→ **GIVEN INFORMATION**:
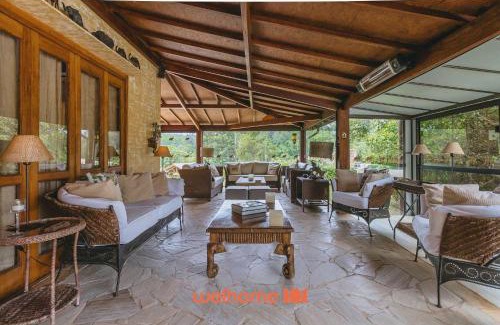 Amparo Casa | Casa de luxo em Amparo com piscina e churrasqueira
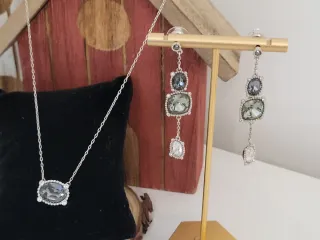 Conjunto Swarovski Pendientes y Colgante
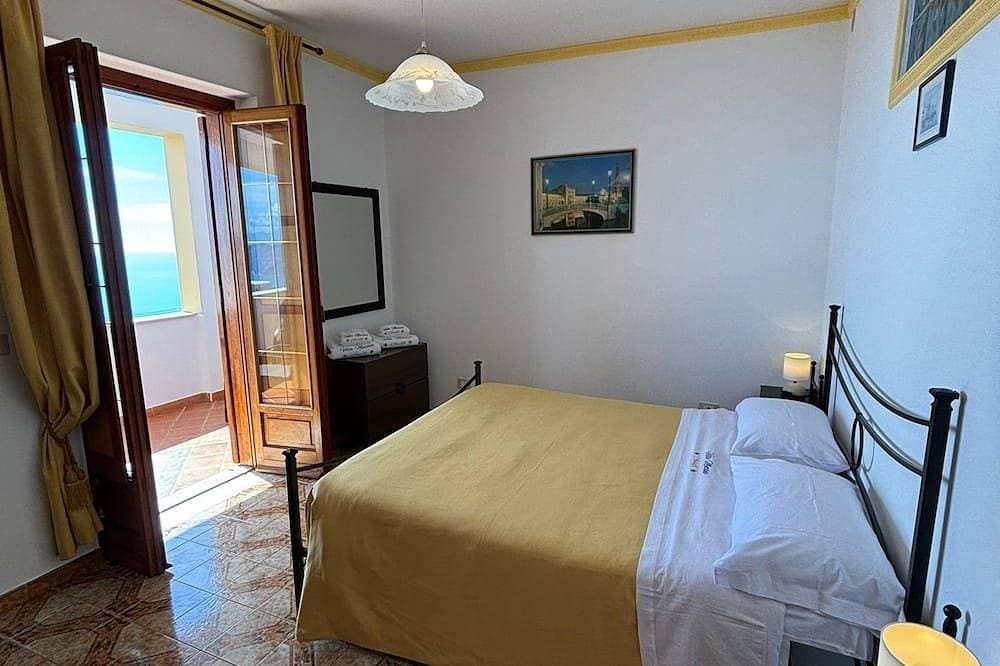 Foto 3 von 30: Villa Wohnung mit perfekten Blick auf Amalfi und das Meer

→ **EXERCISE**: Exactly as they stand, write the lines from the one holding "Conjunto Swarovski Pendientes y Colgante" to the end of the material, both ends included. Do not copy the pictures.

→ **SOLUTION TO THIS EXERCISE**:
 Conjunto Swarovski Pendientes y Colgante
 Foto 3 von 30: Villa Wohnung mit perfekten Blick auf Amalfi und das Meer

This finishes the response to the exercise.